Apart from the pictures, output all of the records exactly.
··· INPUT RECORDS ···
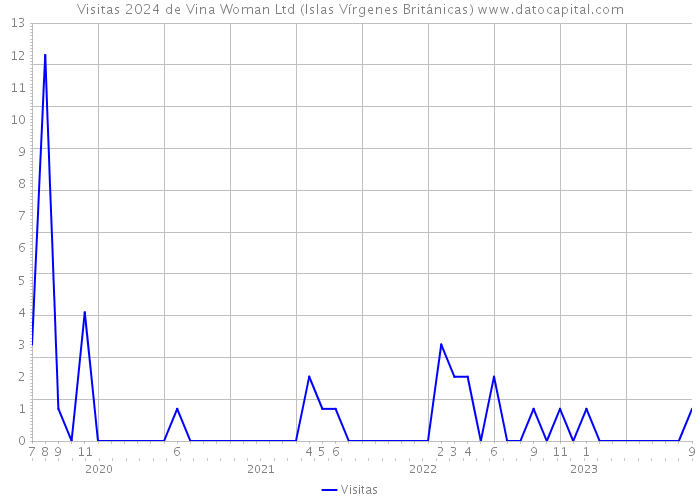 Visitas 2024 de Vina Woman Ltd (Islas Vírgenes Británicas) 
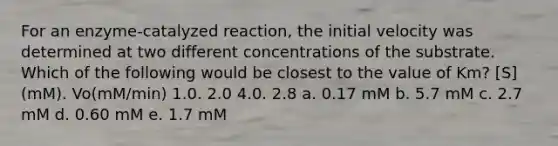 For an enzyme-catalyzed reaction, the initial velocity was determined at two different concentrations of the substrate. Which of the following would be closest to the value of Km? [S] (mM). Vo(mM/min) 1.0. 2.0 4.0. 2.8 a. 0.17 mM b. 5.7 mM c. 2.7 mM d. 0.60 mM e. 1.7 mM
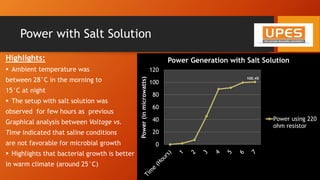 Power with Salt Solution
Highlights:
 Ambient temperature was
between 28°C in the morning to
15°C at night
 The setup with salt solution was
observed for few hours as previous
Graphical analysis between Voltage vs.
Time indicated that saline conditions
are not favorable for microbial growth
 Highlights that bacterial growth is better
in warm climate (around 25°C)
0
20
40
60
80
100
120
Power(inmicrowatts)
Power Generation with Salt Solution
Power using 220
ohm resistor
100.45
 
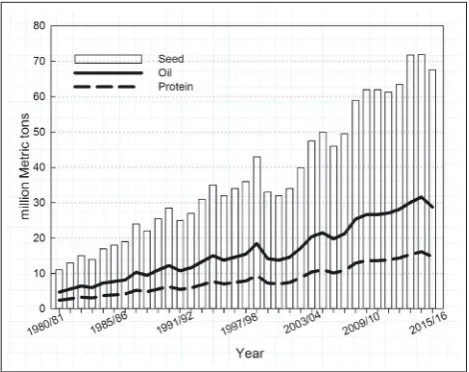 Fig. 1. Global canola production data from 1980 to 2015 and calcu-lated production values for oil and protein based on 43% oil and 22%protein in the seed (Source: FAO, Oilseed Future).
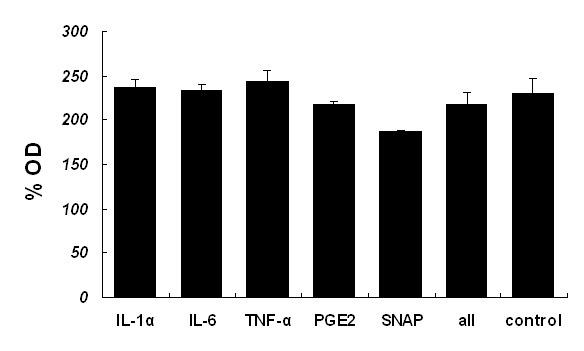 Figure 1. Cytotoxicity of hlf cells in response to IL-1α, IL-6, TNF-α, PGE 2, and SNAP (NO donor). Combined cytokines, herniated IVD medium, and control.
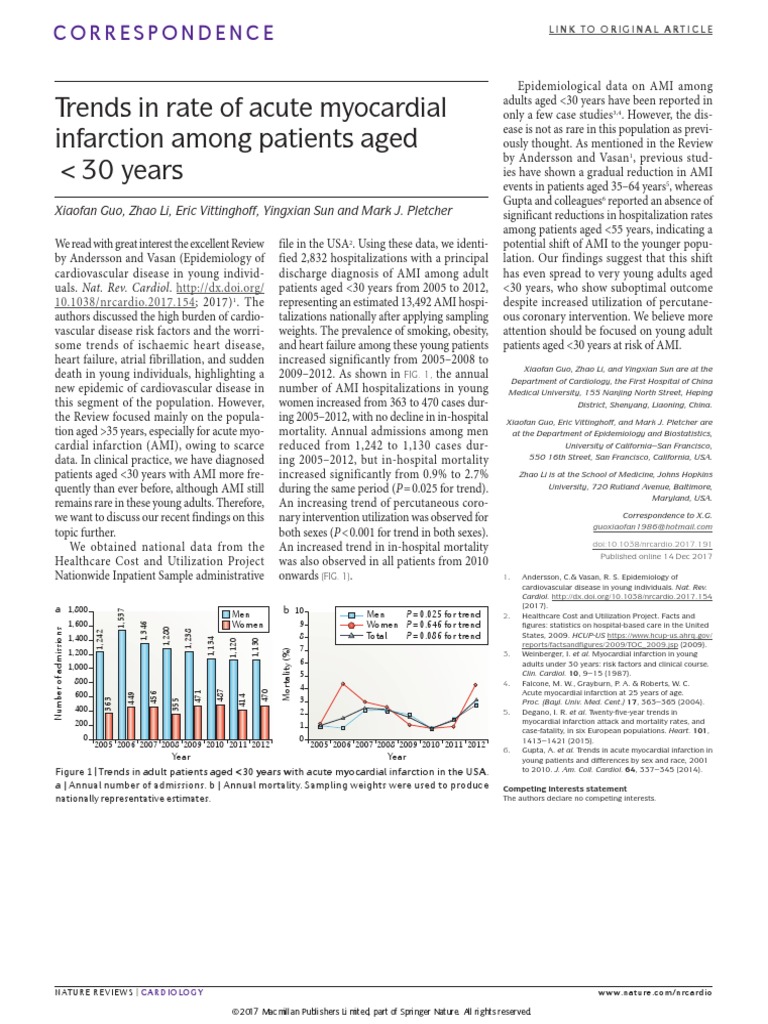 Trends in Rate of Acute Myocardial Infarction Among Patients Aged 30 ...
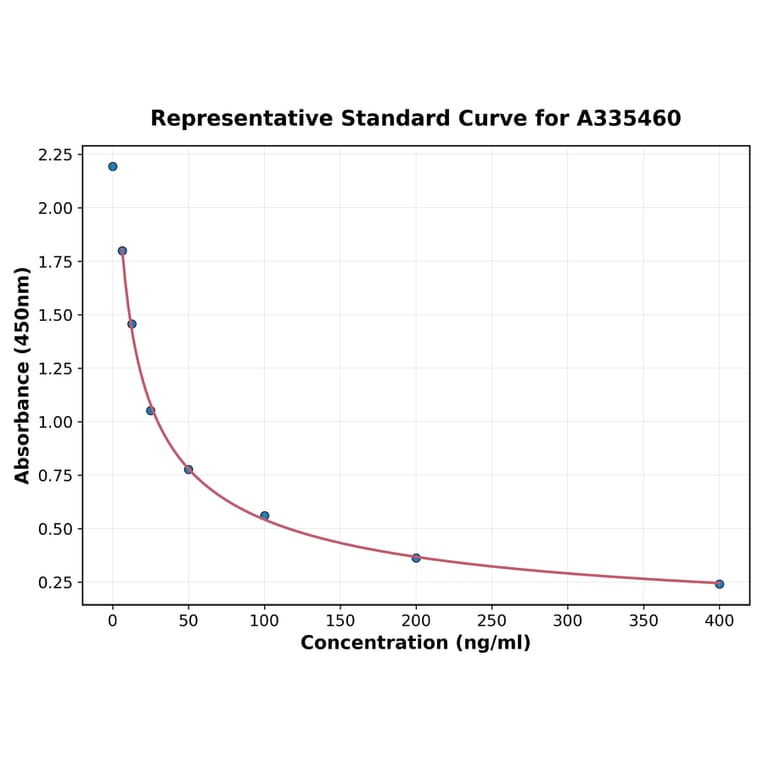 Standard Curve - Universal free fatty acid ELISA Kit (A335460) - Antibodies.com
···
_RESPONSE AREA_:
 Visitas 2024 de Vina Woman Ltd (Islas Vírgenes Británicas) 
 For an enzyme-catalyzed reaction, the initial velocity was determined at two different concentrations of the substrate. Which of the following would be closest to the value of Km? [S] (mM). Vo(mM/min) 1.0. 2.0 4.0. 2.8 a. 0.17 mM b. 5.7 mM c. 2.7 mM d. 0.60 mM e. 1.7 mM
 Power with Salt Solution
Highlights:
 Ambient temperature was
between 28°C in the morning to
15°C at night
 The setup with salt solution was
observed for few hours as previous
Graphical analysis between Voltage vs.
Time indicated that saline conditions
are not favorable for microbial growth
 Highlights that bacterial growth is better
in warm climate (around 25°C)
0
20
40
60
80
100
120
Power(inmicrowatts)
Power Generation with Salt Solution
Power using 220
ohm resistor
100.45
 
 Fig. 1. Global canola production data from 1980 to 2015 and calcu-lated production values for oil and protein based on 43% oil and 22%protein in the seed (Source: FAO, Oilseed Future).
 Figure 1. Cytotoxicity of hlf cells in response to IL-1α, IL-6, TNF-α, PGE 2, and SNAP (NO donor). Combined cytokines, herniated IVD medium, and control.
 Trends in Rate of Acute Myocardial Infarction Among Patients Aged 30 ...
 Standard Curve - Universal free fatty acid ELISA Kit (A335460) - Antibodies.com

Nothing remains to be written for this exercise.